[Opening Data to process section]

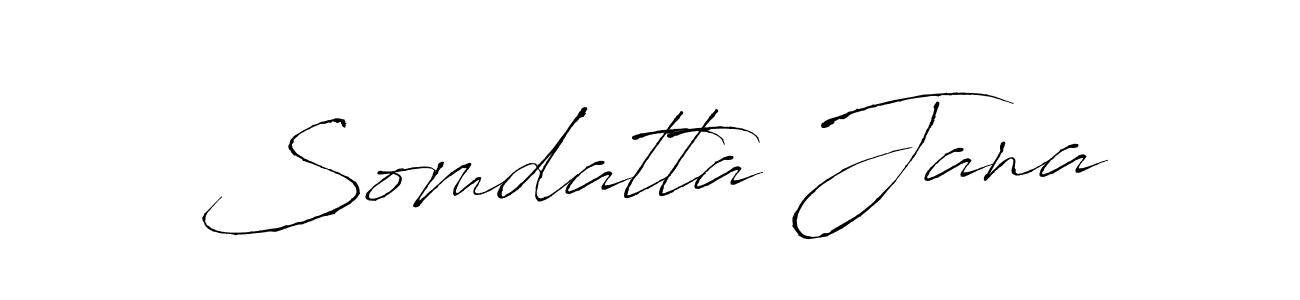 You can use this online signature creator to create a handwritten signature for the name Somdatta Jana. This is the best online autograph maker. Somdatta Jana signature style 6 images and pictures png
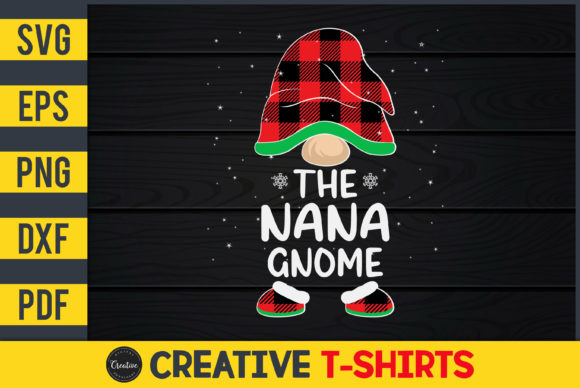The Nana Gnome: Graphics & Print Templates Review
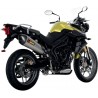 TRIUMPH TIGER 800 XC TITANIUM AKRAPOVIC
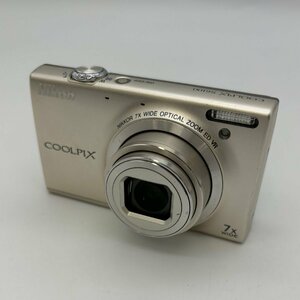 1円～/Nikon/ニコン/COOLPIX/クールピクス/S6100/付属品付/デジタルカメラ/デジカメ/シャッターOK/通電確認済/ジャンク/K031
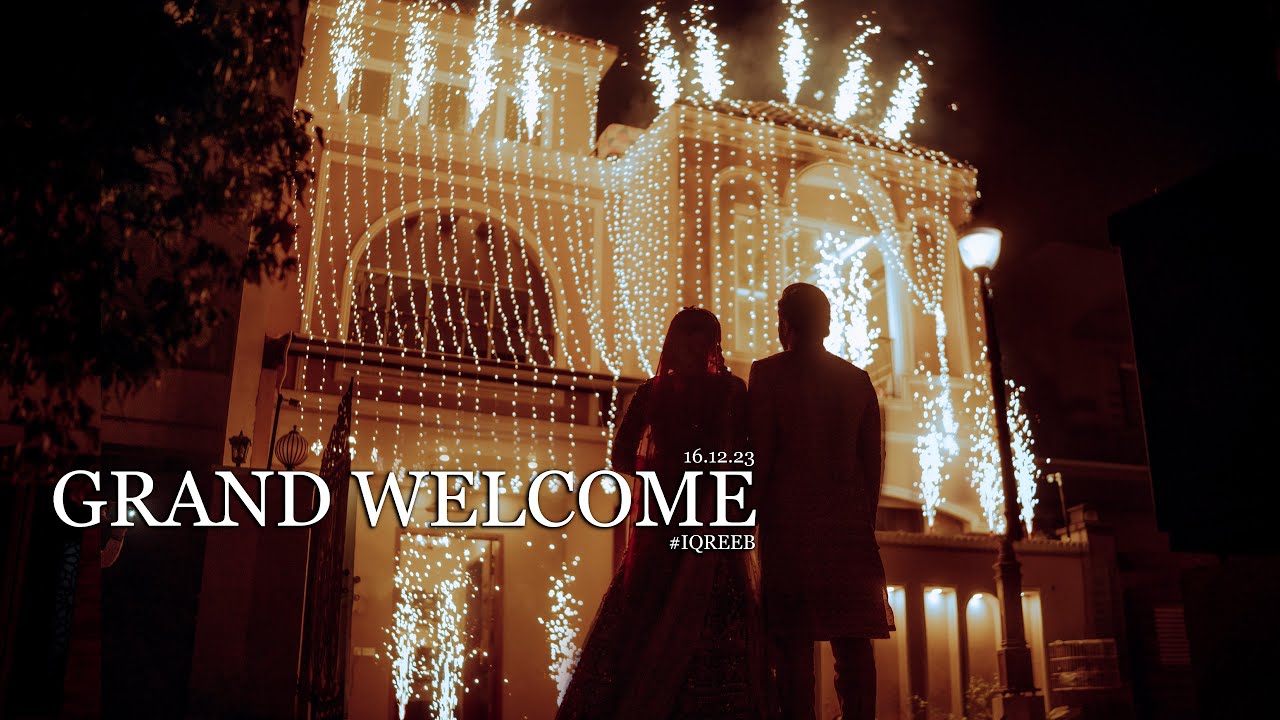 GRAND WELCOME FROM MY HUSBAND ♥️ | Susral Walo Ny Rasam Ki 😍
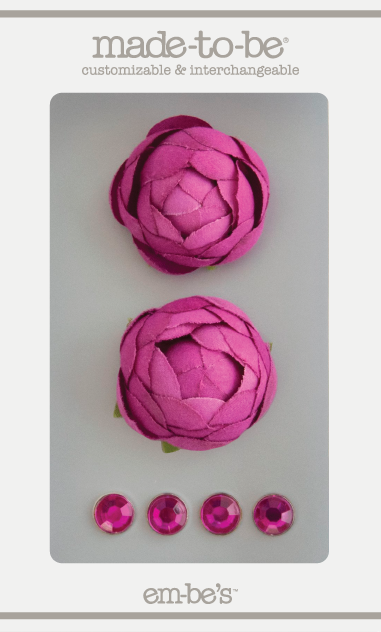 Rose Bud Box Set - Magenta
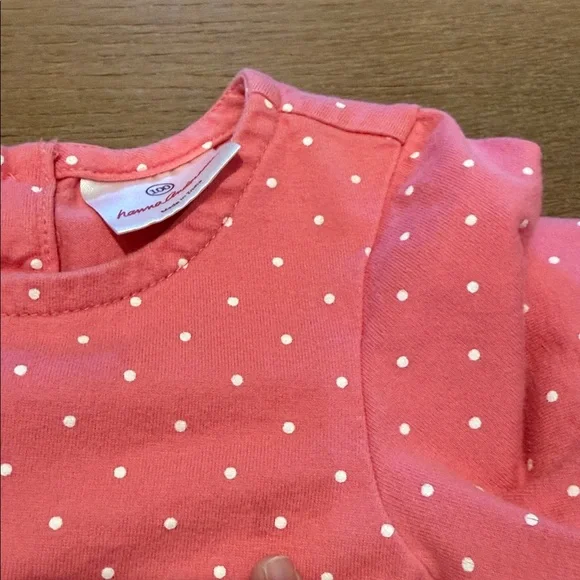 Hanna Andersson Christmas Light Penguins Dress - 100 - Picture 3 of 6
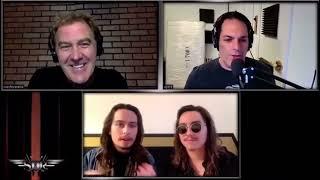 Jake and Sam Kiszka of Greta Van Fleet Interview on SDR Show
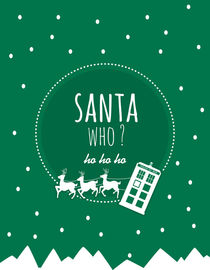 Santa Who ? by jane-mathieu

[Closing Data to process section]

Work to be completed:
Every entry must be written out exactly, with all pictures left out.

Solution:
 You can use this online signature creator to create a handwritten signature for the name Somdatta Jana. This is the best online autograph maker. Somdatta Jana signature style 6 images and pictures png
The Nana Gnome: Graphics & Print Templates Review
 TRIUMPH TIGER 800 XC TITANIUM AKRAPOVIC
 1円～/Nikon/ニコン/COOLPIX/クールピクス/S6100/付属品付/デジタルカメラ/デジカメ/シャッターOK/通電確認済/ジャンク/K031
 GRAND WELCOME FROM MY HUSBAND ♥️ | Susral Walo Ny Rasam Ki 😍
 Rose Bud Box Set - Magenta
 Hanna Andersson Christmas Light Penguins Dress - 100 - Picture 3 of 6
 Jake and Sam Kiszka of Greta Van Fleet Interview on SDR Show
 Santa Who ? by jane-mathieu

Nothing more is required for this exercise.